**EXERCISE DETAILS**:
With every picture left out, restate the listing below exactly as written.

**GIVEN INFORMATION**:
- Opening Delimiter -

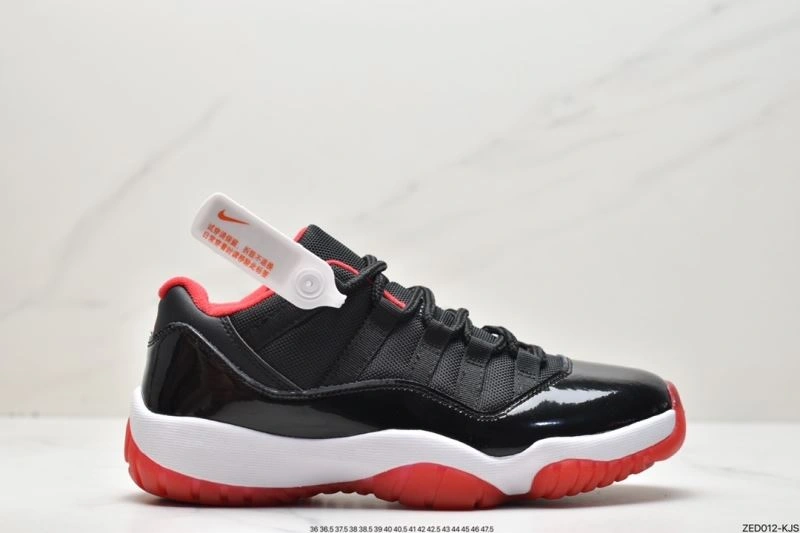 Compact Nxkx Jordan 201824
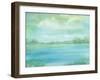 Marsh-Gwendolyn Babbitt-Framed Art Print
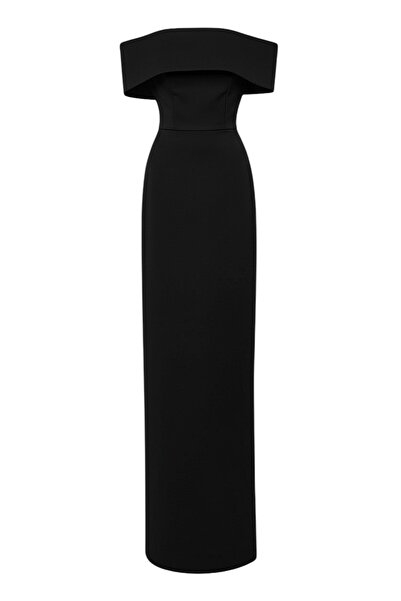 Papillon couture Rhea Dress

- Closing Delimiter -

**RESPONSE TO THIS EXERCISE**:
 Compact Nxkx Jordan 201824
 Marsh-Gwendolyn Babbitt-Framed Art Print
 Papillon couture Rhea Dress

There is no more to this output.